Sun Dec 2nd through Sat the 8th, 2018 at Palais des Congrès de Montréal
The paper presents a fairly comprehensive analysis of HSGD in a wide variety of settings from strongly convex to non-convex problems under the assumption of sampling without replacement. One of the main challenges in sampling without replacement is to tackle the lack of independence this creates. This is perhaps the main technical contribution of the paper where a comparison process is introduced to enable martingale based arguments. The intuitive description of this in lines 130-136 is quite confusing and one really needs to look at the technical details to understand it. I think easier proofs could be obtained by using the fact that sampling without replacement results in negatively dependent variables for which the usual concentration bounds for independent variables apply unchanged.

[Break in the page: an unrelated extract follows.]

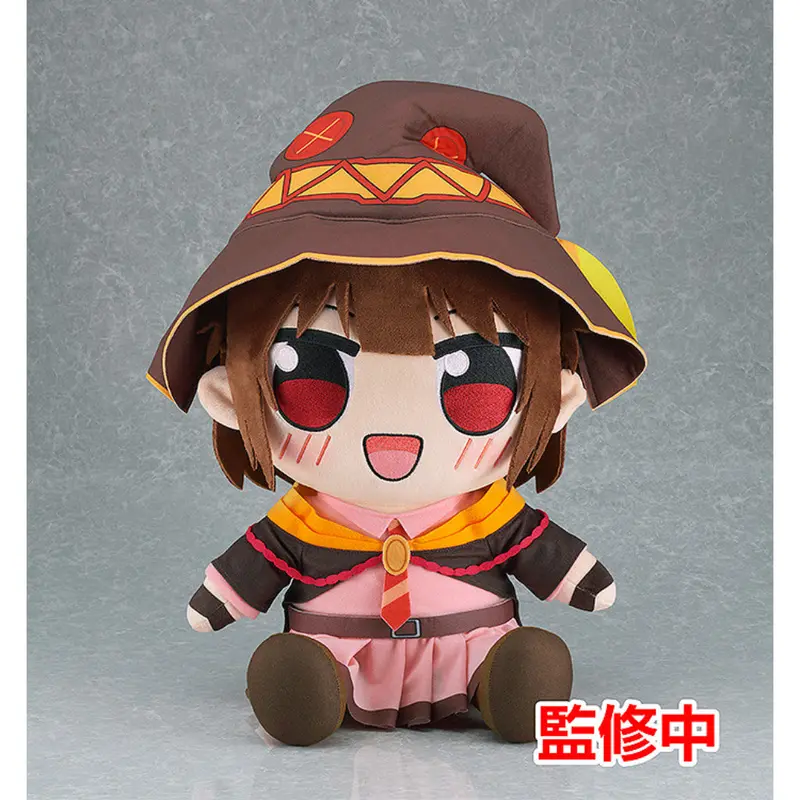 Zoku Kono Subarashii Sekai Ni Bakuen Wo! Kuripan Big Plushie Megumin 1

The article studies the problem of hybrid SGD under without replacement conditions. Theoretical results in terms of convergence are provided in different scenarios. These results are further reinforced with experimental results. The results suggest improvement of the proposed method compared to the rest. However, when checking the figures of convergence we can easily see how the proposed method clearly converges faster and seems to reach a "plateau" stage while some of the rest of the methods still clearly show a decreasing behavior. I was wondering if the authors checked the convergence beyond the IFO/n values shown. Regarding the rest of the paper, the organization is correct but difficult to follow. Mostly because there are many different messages involved. Otherwise a nice paper.
This paper lies in the well-developed field of variance-reduced stochastic gradient algorithms. It proposes a theoretical study of the well-known HSGD for sampling without replacement scheme, which is known to perform better than sampling with replacement in practice. The considered setting makes the analysis of the algorithm more difficult, since in this case the mini-batch gradients are not unbiased anymore. Rates for strongly-convex, non-strongly convex and non-convex objectives are provided, with a special care for linearly structured problems (such as generalized linear models). Numerical experiments are convincing enough, although the datasets used in experiments are not very large (largest one is covtype) (while authors argue that this methods is interesting in the large n medium precision setting). I think that this is an nice piece of work, which provides an incremental contribution to the already widely developed theory of stochastic optimisation algorithms for ML. The paper can certainly be accepted for publication, although I think that the contribution is mostly incremental, since (to the best of my knowledge) the proofs do not seem to introduce a major novelty.